Ultimately, the thing that gives our life meaning is not happiness, but suffering.

“If you ask anybody, ‘What’s the activity that you had that made you who you are?’ no one says, ‘You know I had a really great vacation in Hawaii.’ No one says that. They say, ‘I had a period of struggle. I lost a loved one. I was in the Army. And that period of struggle or that period of toughness made me who I am.'"
“Joy,” David Brooks writes, “is a byproduct experienced by people who are aiming for something else. But it comes.”
And got interested in his book The Road to Character

So I read a couple of reviews ... 
The first one by Pico Iyer from the New York Times
Brooks begins with a sweeping overview of the non-intersecting worlds of moral logic and economic logic, as he has it, dividing us into an “Adam I,” who seeks success in the world, and an “Adam II,” more deeply committed to character and an inner life. He then gives us 10 or so portraits of enduring “heroes of renunciation,” easing us into the theme with such Greatest Generation stalwarts as George Marshall and Dwight D. Eisenhower, before alighting on such global Hall of Fame worthies, granitic-seeming but riven with inner terrors and flaws, as St. Augustine, Samuel Johnson and George Eliot. Within each brief life, he inserts an extended encomium to some useful virtue, be it humility or sacrifice or, in one case, passionate love.

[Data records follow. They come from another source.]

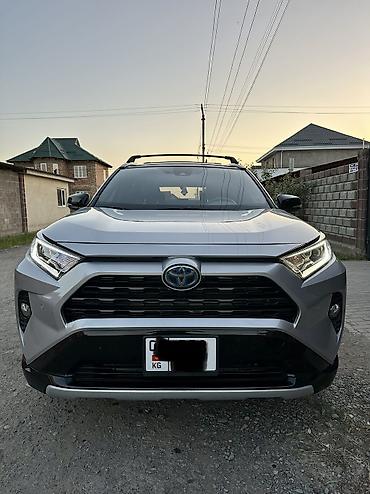 model y: Toyota RAV4: 2021 г., 2.5 л, Гибрид, Кроссовер — 1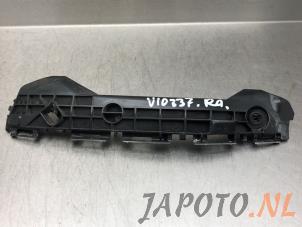 Used Rear bumper bracket, right Toyota Yaris III (P13) 1.5 16V Dual VVT-iE Price € 19,95 Margin scheme offered by Japoto Parts B.V.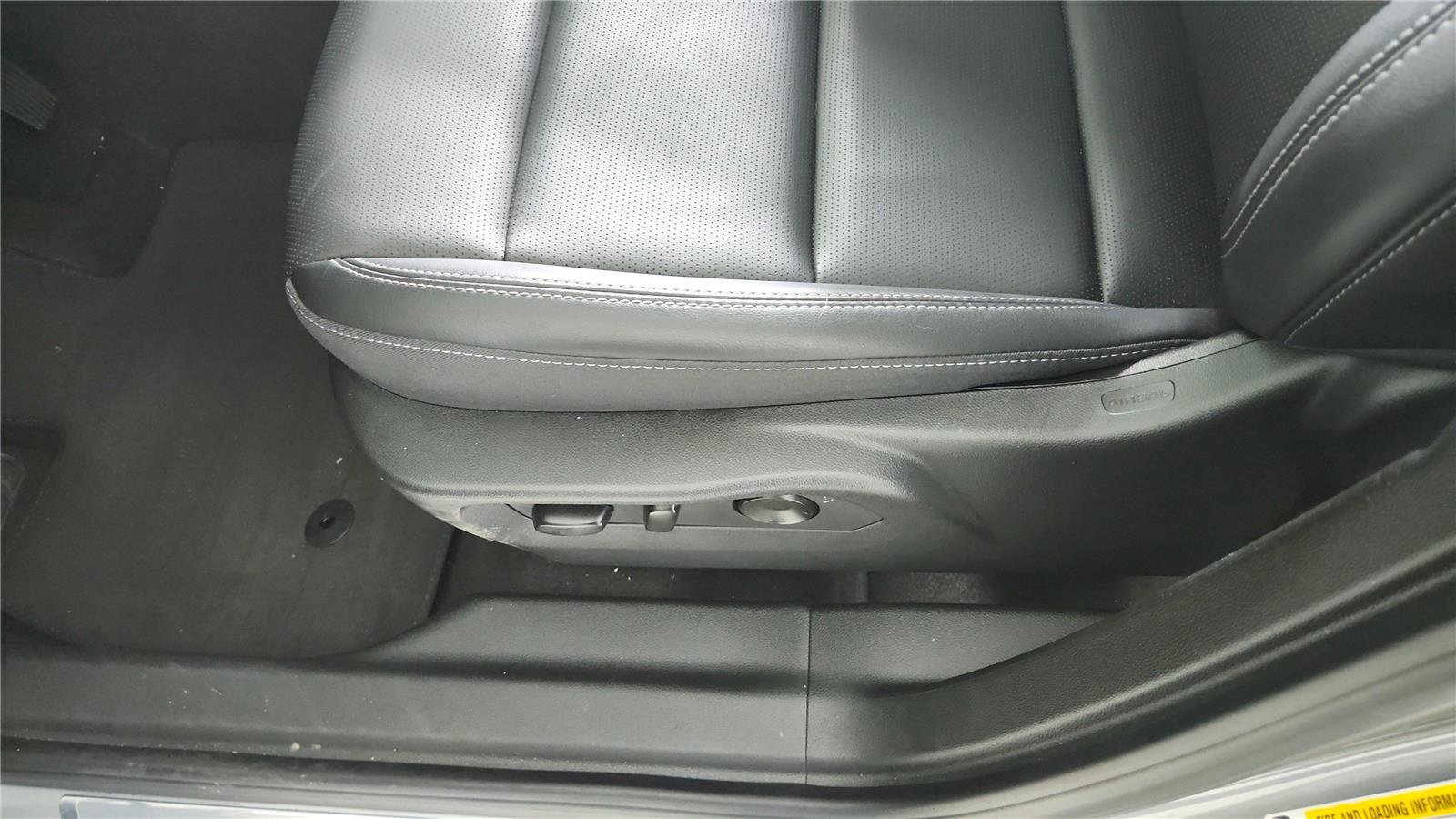 Used 2025 Buick Envision Preferred image 11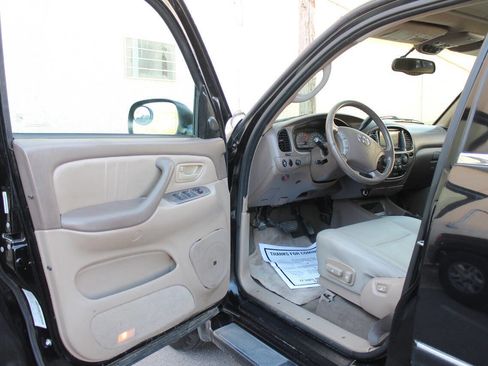 Used 2003 Toyota Sequoia Limited image 20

And another one that talks about Resume Virtues versus Eulogy Virtues ... 
One from Rebecca Mead from the New Yorker
“The Road to Character” is an account of Brooks’s effort to find his way out of shallow punditry—or, as he puts it, to “cultivate character.” To make his case, Brooks—who likes to reach for the occasionally effortful neologism—has come up with a pair of clarifying terms: the “résumé virtues” and the “eulogy virtues.” Résumé virtues, he proposes, are those that are valued in the contemporary marketplace: the high test scores achieved by a student, the professional accomplishments pulled off by an adult. They are the skills that are met with bigger paychecks and public approbation. Eulogy virtues, on the other hand, are the aspects of character that others praise when a person isn’t around to hear it: humility, kindness, bravery. Our society exalts the résumé virtues, Brooks argues, but it overlooks the humbler eulogy virtues. Still, he writes, we know at our core that this second category of values is what matters more.